Vic Giannini, a 71-year-old retiree, was watching TV when he felt his house rumble. For some reason he went to the window and looked across North Point Street just in time to see a four story apartment building “crumble like an accordion.”

He points to it now and scratches his white hair. It is the strangest thing you ever saw. The building is collapsed and resting atop a gray Ford Tempo. It looks as if the house had been built around the crushed car. The roof is only 20 feet from the sidewalk.

“Are you saying that’s actually the second floor of the building?” someone asks Giannini.

“No, no,” he says, “that’s the fourth floor. The other three are crushed beneath it.” Buildings sink; sidewalks rise

There are pictures like this across the bay area. Houses that have simply sunk into the earth. Sidewalks that rise two feet, to a point, as if an giant arrow is sticking up from beneath the concrete. Hotel lobbies lit by candlelight; stranded guests sleeping on the couches. Cars hanging off bridges.

California, falling down.

“How bad you get it, Vic?” asks Frank Battaglia, a thick- eyebrowed plumber who, he says, has been living here for years.

“Pretty bad,” comes the answer. “Everything upstairs is a wreck. Go up and see.”

Battaglia goes up into the house, then emerges a few minutes later.

“Hey, Vic. My wife would give anything if our house looked as good as yours right now. She’d kiss you, she’d be so happy.”

“Yeah?”

“She’d kiss you. You wanna see destroyed? My place is destroyed.”

“Yeah?”

“Yeah. I’ll show you destroyed. Come and see my place, you wanna see destroyed.”

They both turn and look at the apartments that are squashing the gray Ford. It is warm now, like the day it happened, warm and quiet. Were it not for the distant fire engines, it might be another perfect day.

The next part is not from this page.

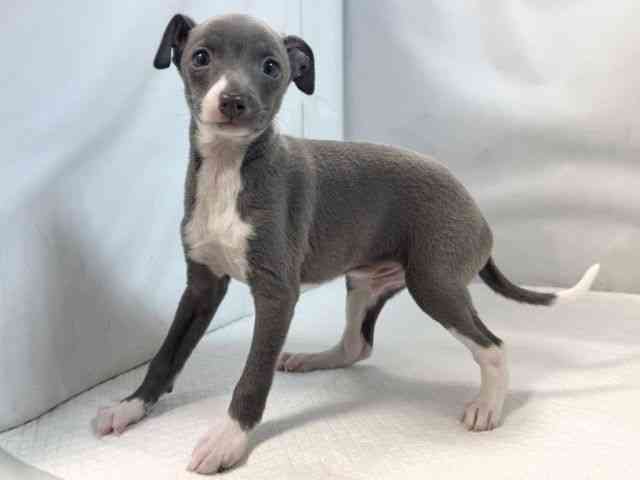 大阪府のイタリアングレーハウンド (ひごペットフレンドリー堺プラットプラット店/2025年11月1日生まれ/男の子/ブルーホワイトマーキングス)の子犬の2枚目の画像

“Hey, Frank,” says Giannini, not taking his eye off the destruction. “I won’t be needing those pipes fixed no more.” Some looting; more kindness

And the survival continues. Yes, there were stories of looting — surprisingly few — but there were also sterling examples of humanity, people opening their homes to strangers, cable cars riding through the streets, announcing: “If anyone needs a ride somewhere, to find their families, the transportation is free.” Restaurants donated food and plates to the Red Cross shelters. People came with blankets and blood for the hospitals.

There is something about disaster that draws people together, and there is something about it that makes us wonder why, what is the reason, who is trying to tell us something? Can it really be that this stuff just happens? You live here, you take your chances?

Outside the shelter, on Mission Street, three street people are squatting against a building, their palms open. I drop some money in their hands and the middle one, a big man with deep blue eyes and wild white hair stuffs the money in his pocket.

“Did you feel the earthquake?” he says. “I was going out to buy a jug of wine. And the street started shaking. And I said to myself, ‘Wait a minute. I’m not loaded yet.’ “

He wags a finger. “You know what I say? I say that one day, the big one is gonna come, and this whole place will slide into the sea. We’ll all meet there, down below, no rich and no poor, just people.”

I stare at him and walk away. A police car rolls by, and up ahead is another yellow zone, another sunken building, another life to rebuild.

“We’re all gonna meet there,” the crazy man yells again, but by that point I am up the street and walking fast. CUTLINE: Junior Gail sits with her belongings on a sidewalk in the Marina district of San Francisco on Wednesday. Her family was forced to move.